Crawled caption data:
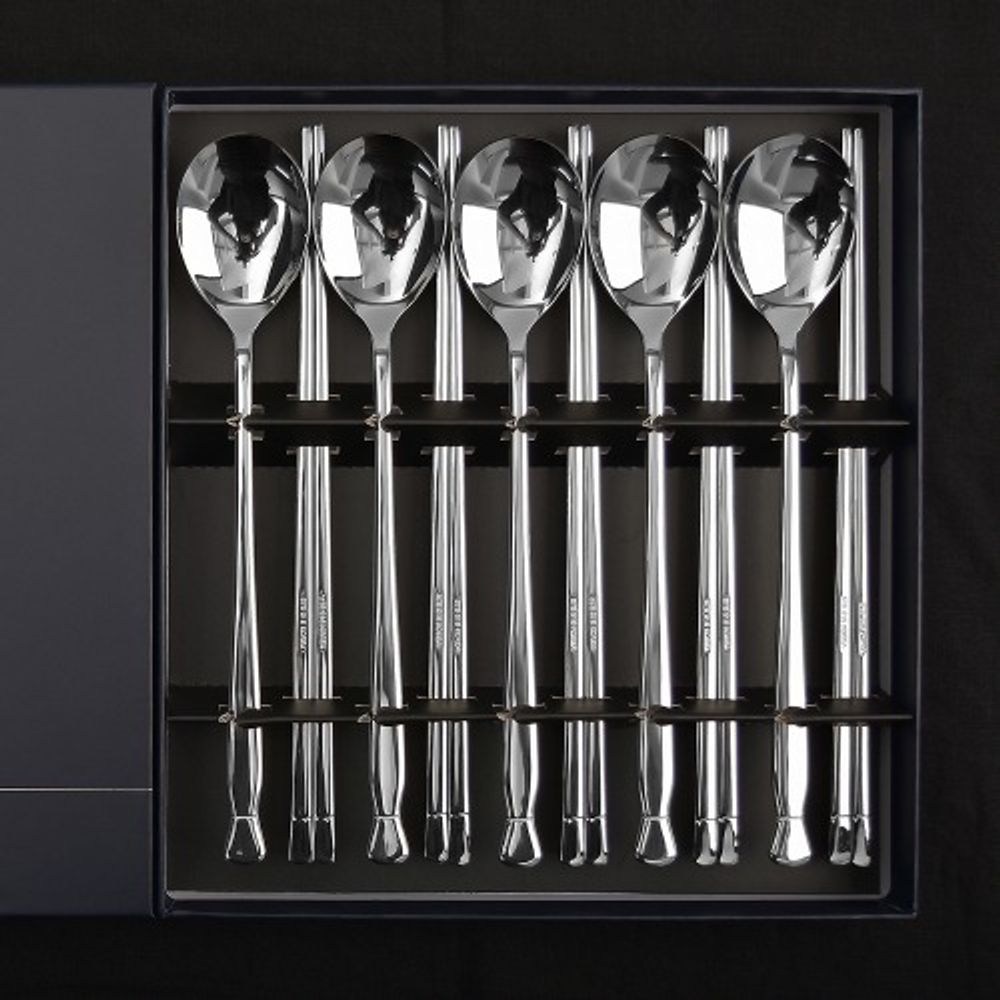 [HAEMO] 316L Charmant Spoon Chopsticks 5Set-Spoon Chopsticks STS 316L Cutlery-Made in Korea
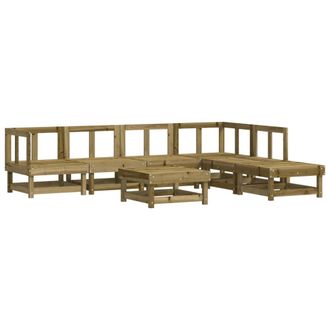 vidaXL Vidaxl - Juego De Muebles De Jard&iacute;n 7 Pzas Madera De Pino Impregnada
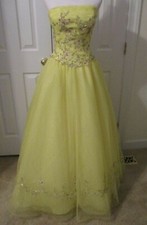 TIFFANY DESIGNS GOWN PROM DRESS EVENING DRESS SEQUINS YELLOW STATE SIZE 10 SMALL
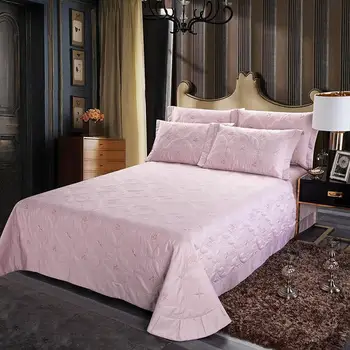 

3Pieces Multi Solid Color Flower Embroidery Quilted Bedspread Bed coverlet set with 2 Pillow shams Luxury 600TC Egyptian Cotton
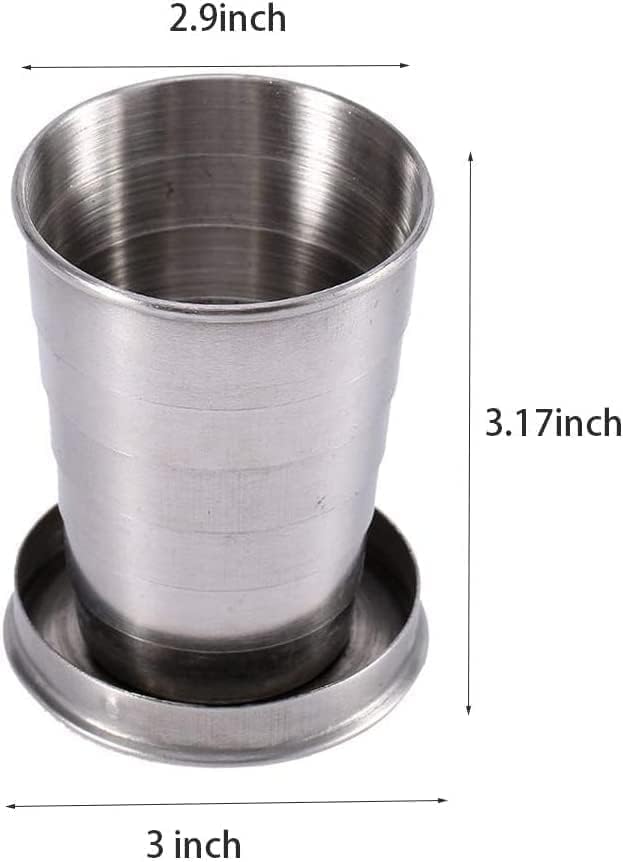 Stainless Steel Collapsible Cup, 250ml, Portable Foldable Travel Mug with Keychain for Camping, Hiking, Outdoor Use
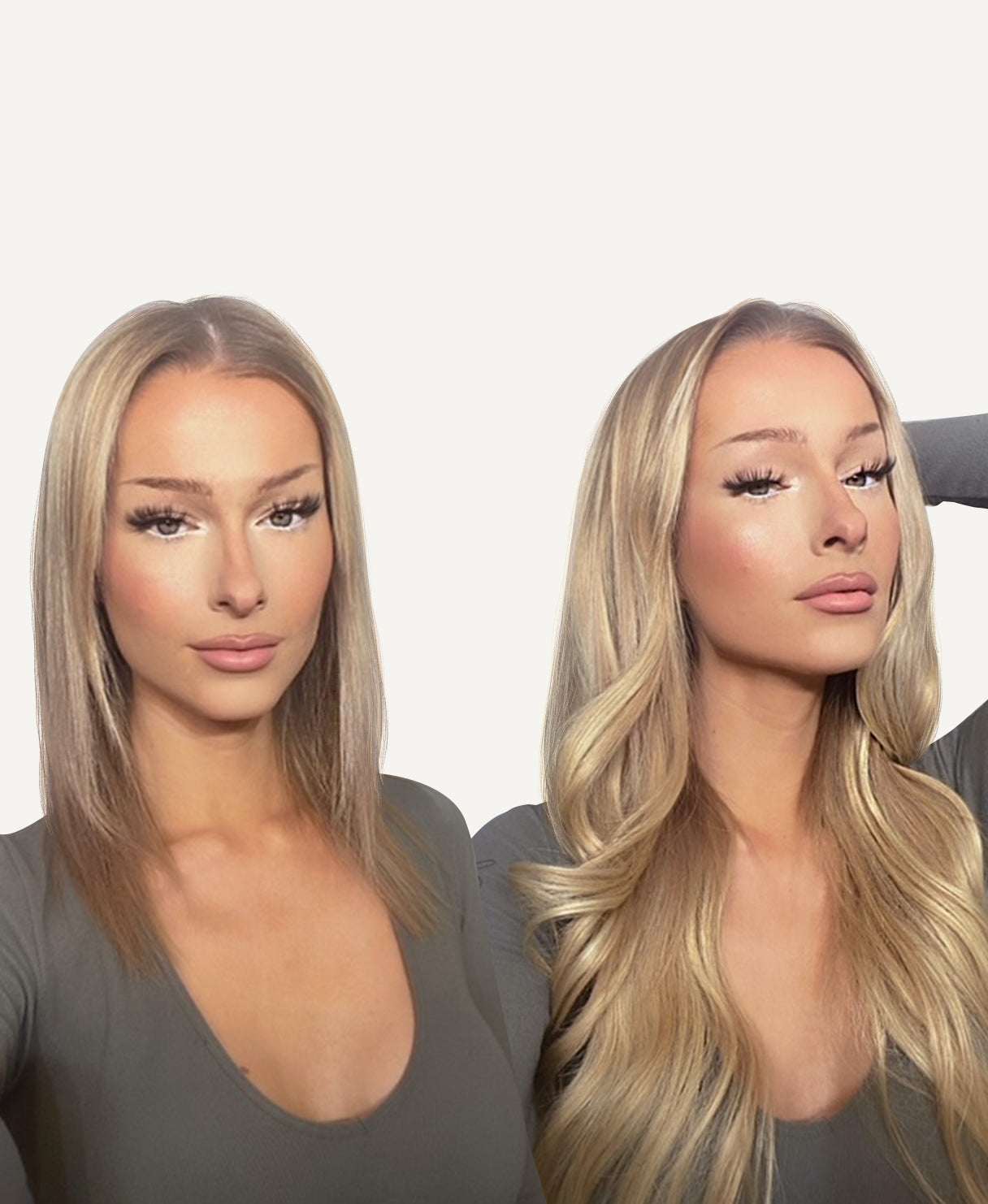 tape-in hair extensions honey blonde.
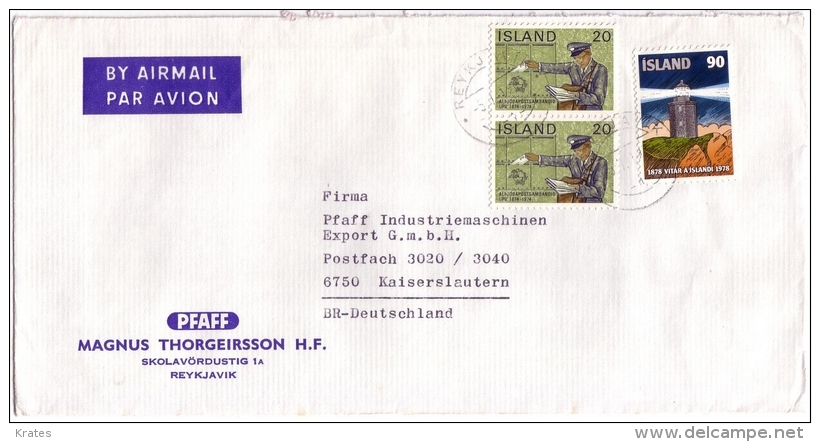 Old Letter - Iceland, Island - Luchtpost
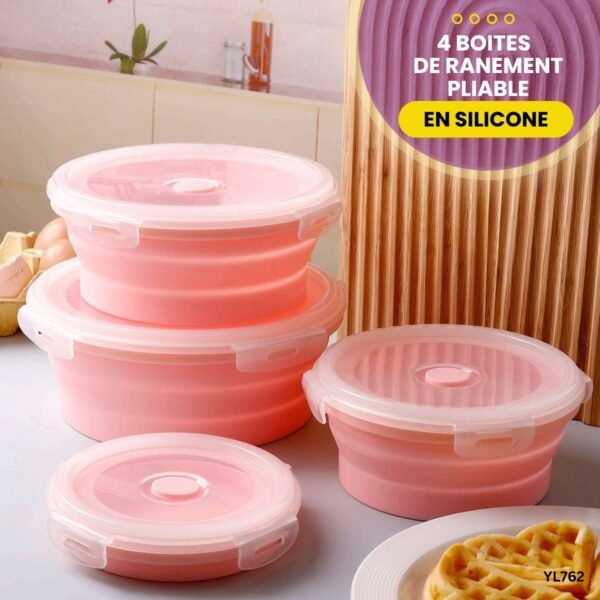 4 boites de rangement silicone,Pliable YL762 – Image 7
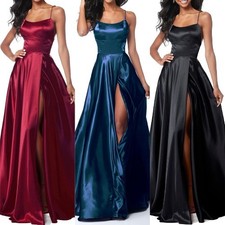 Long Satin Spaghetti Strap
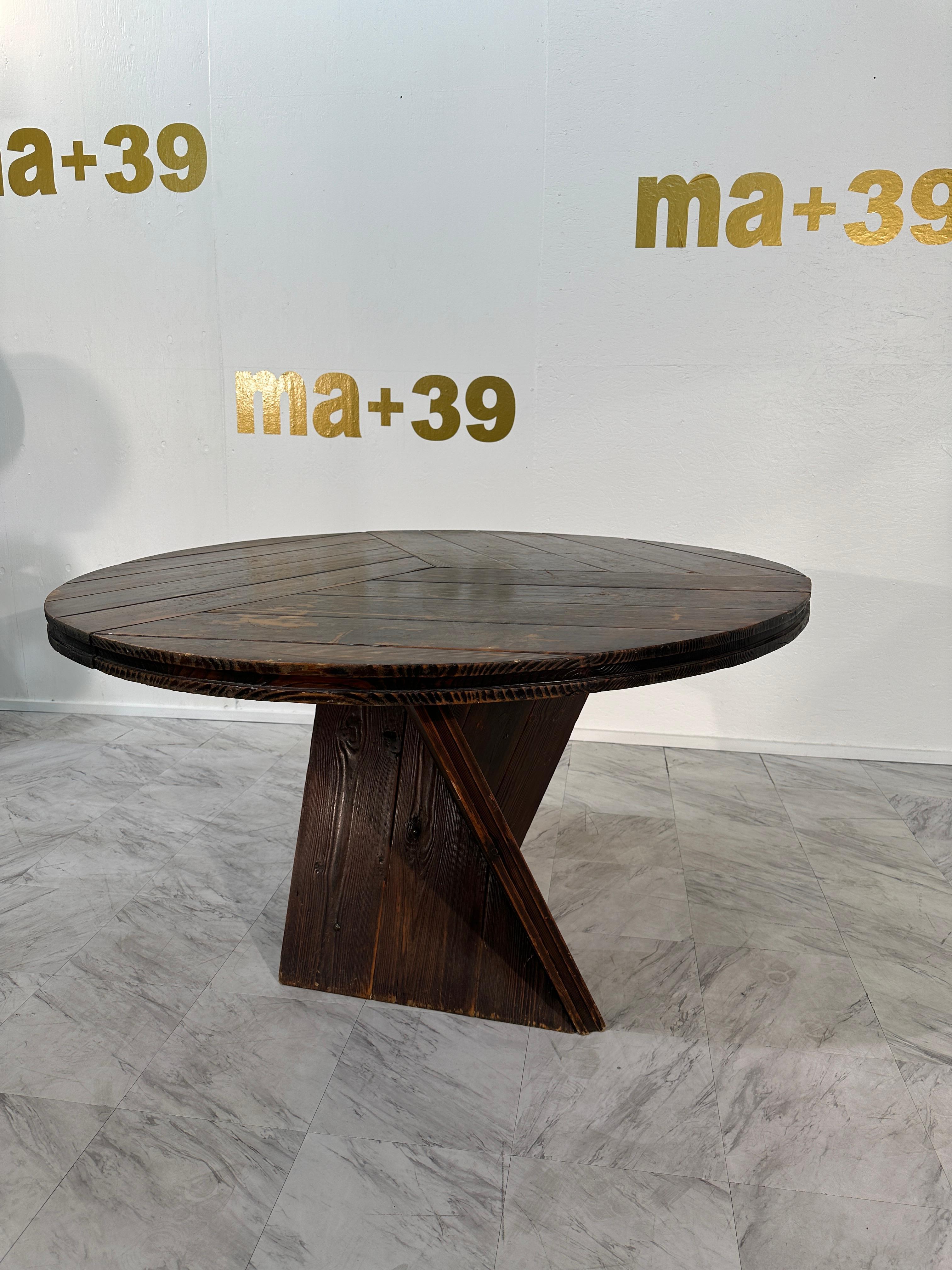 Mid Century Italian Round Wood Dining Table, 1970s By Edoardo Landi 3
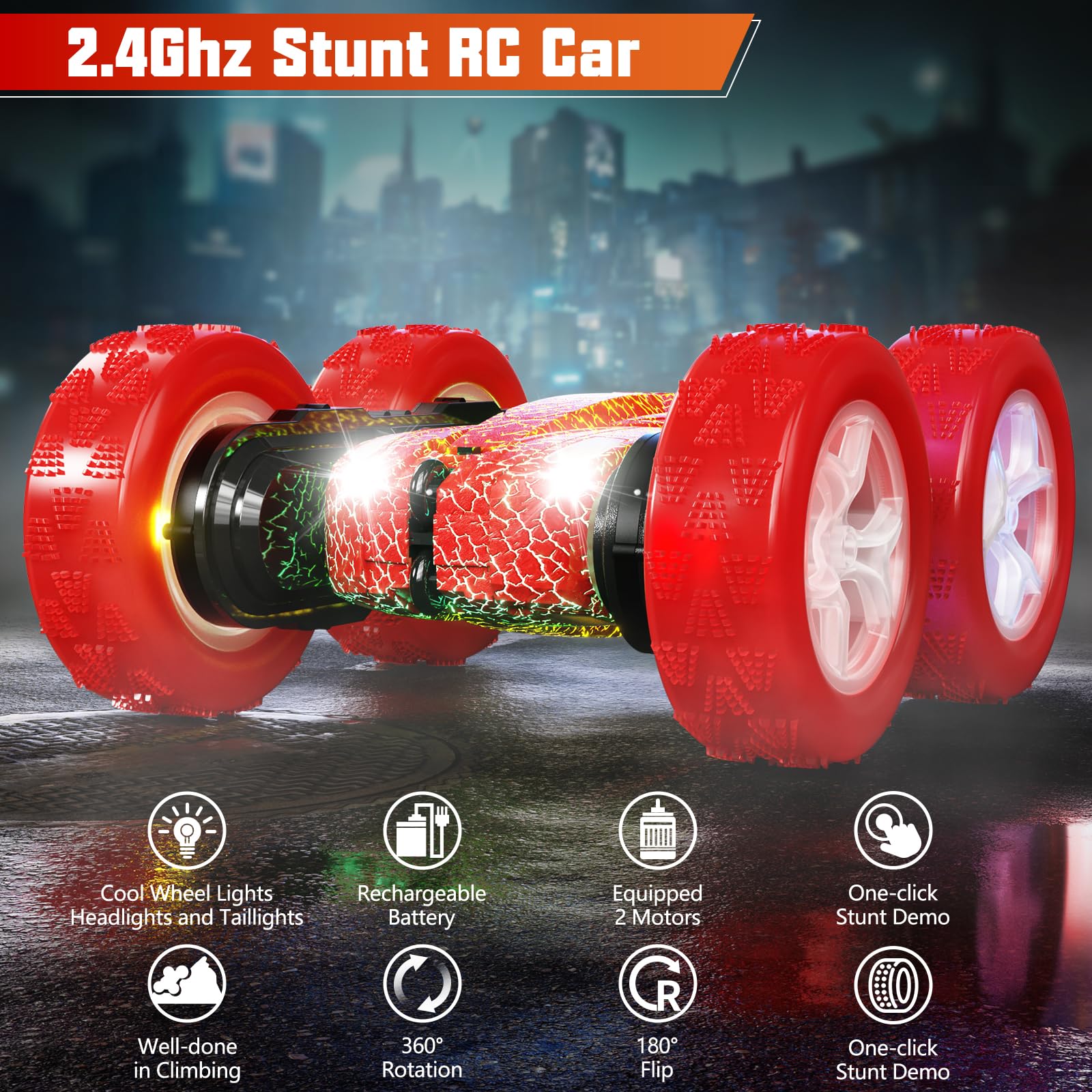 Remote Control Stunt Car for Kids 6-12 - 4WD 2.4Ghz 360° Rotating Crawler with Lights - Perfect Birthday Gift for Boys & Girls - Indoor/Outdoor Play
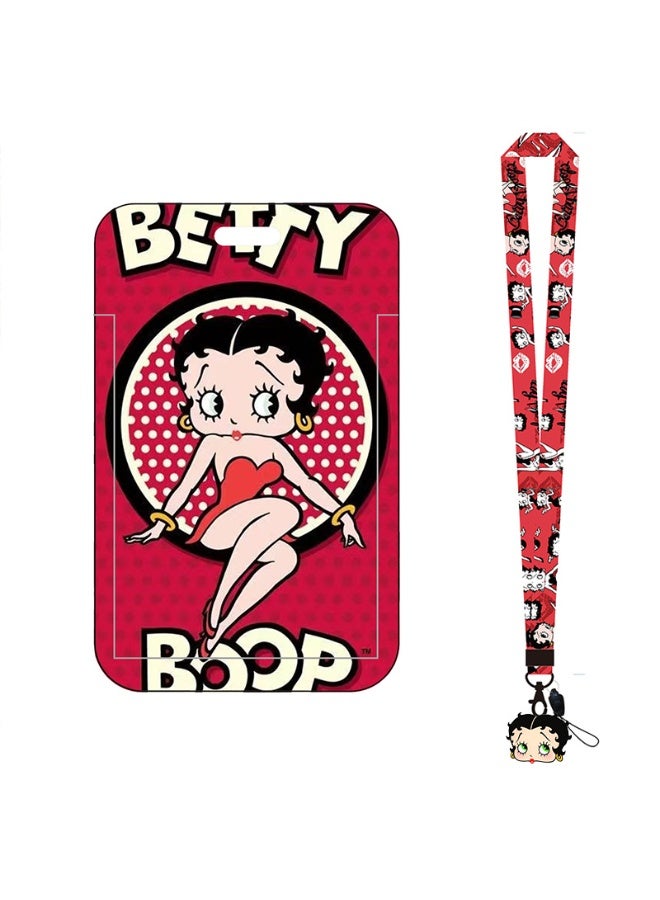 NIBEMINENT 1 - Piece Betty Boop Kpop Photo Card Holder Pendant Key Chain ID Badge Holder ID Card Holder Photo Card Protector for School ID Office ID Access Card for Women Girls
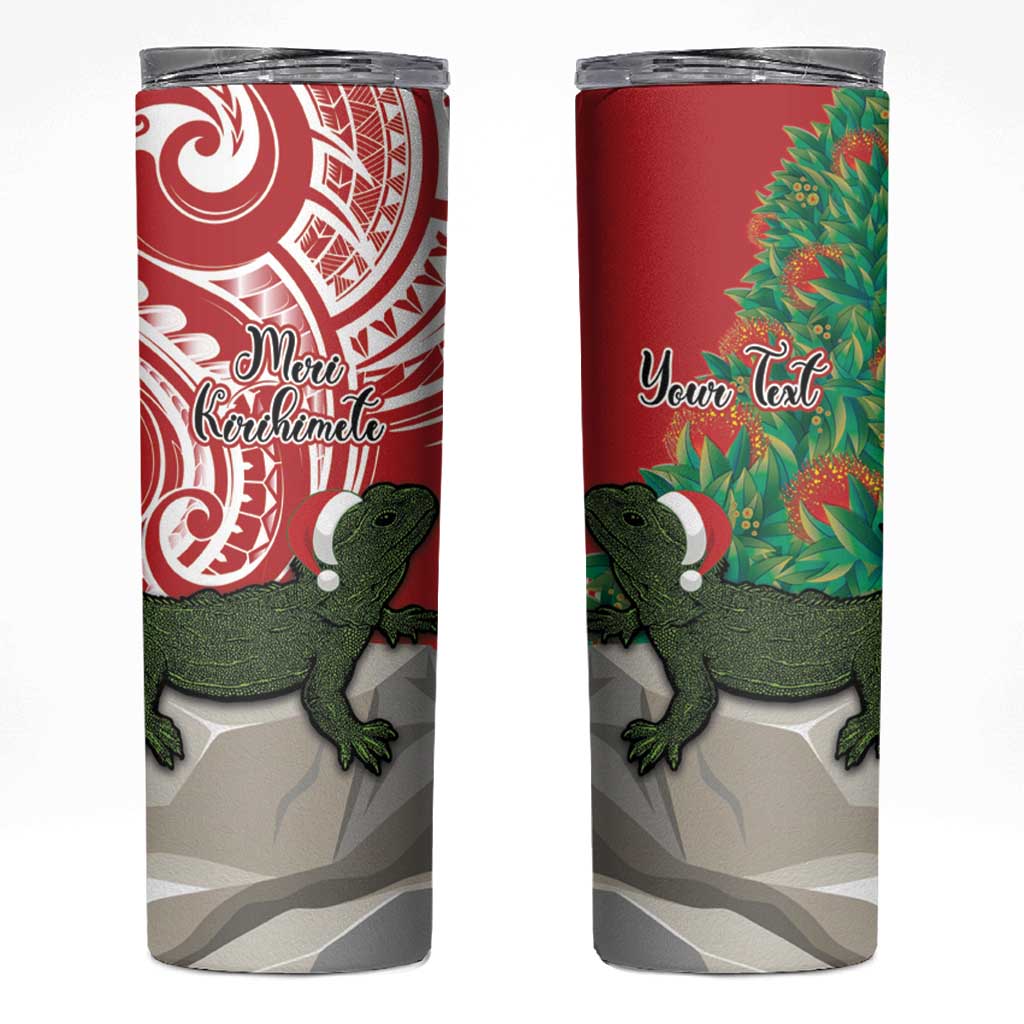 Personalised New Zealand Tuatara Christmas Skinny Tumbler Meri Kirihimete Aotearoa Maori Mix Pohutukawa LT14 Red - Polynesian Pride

▶ _EXERCISE REQUIREMENTS_
Write out exactly the lines beginning with the line that holds "TIFFANY DESIGNS GOWN" and ending with the final line of the data, both ends included, without the pictures.

▶ _THE COMPLETED TASK_
 TIFFANY DESIGNS GOWN PROM DRESS EVENING DRESS SEQUINS YELLOW STATE SIZE 10 SMALL

3Pieces Multi Solid Color Flower Embroidery Quilted Bedspread Bed coverlet set with 2 Pillow shams Luxury 600TC Egyptian Cotton
 Stainless Steel Collapsible Cup, 250ml, Portable Foldable Travel Mug with Keychain for Camping, Hiking, Outdoor Use
 tape-in hair extensions honey blonde.
 Old Letter - Iceland, Island - Luchtpost
 4 boites de rangement silicone,Pliable YL762 – Image 7
 Long Satin Spaghetti Strap
 Mid Century Italian Round Wood Dining Table, 1970s By Edoardo Landi 3
 Remote Control Stunt Car for Kids 6-12 - 4WD 2.4Ghz 360° Rotating Crawler with Lights - Perfect Birthday Gift for Boys & Girls - Indoor/Outdoor Play
 NIBEMINENT 1 - Piece Betty Boop Kpop Photo Card Holder Pendant Key Chain ID Badge Holder ID Card Holder Photo Card Protector for School ID Office ID Access Card for Women Girls
 Personalised New Zealand Tuatara Christmas Skinny Tumbler Meri Kirihimete Aotearoa Maori Mix Pohutukawa LT14 Red - Polynesian Pride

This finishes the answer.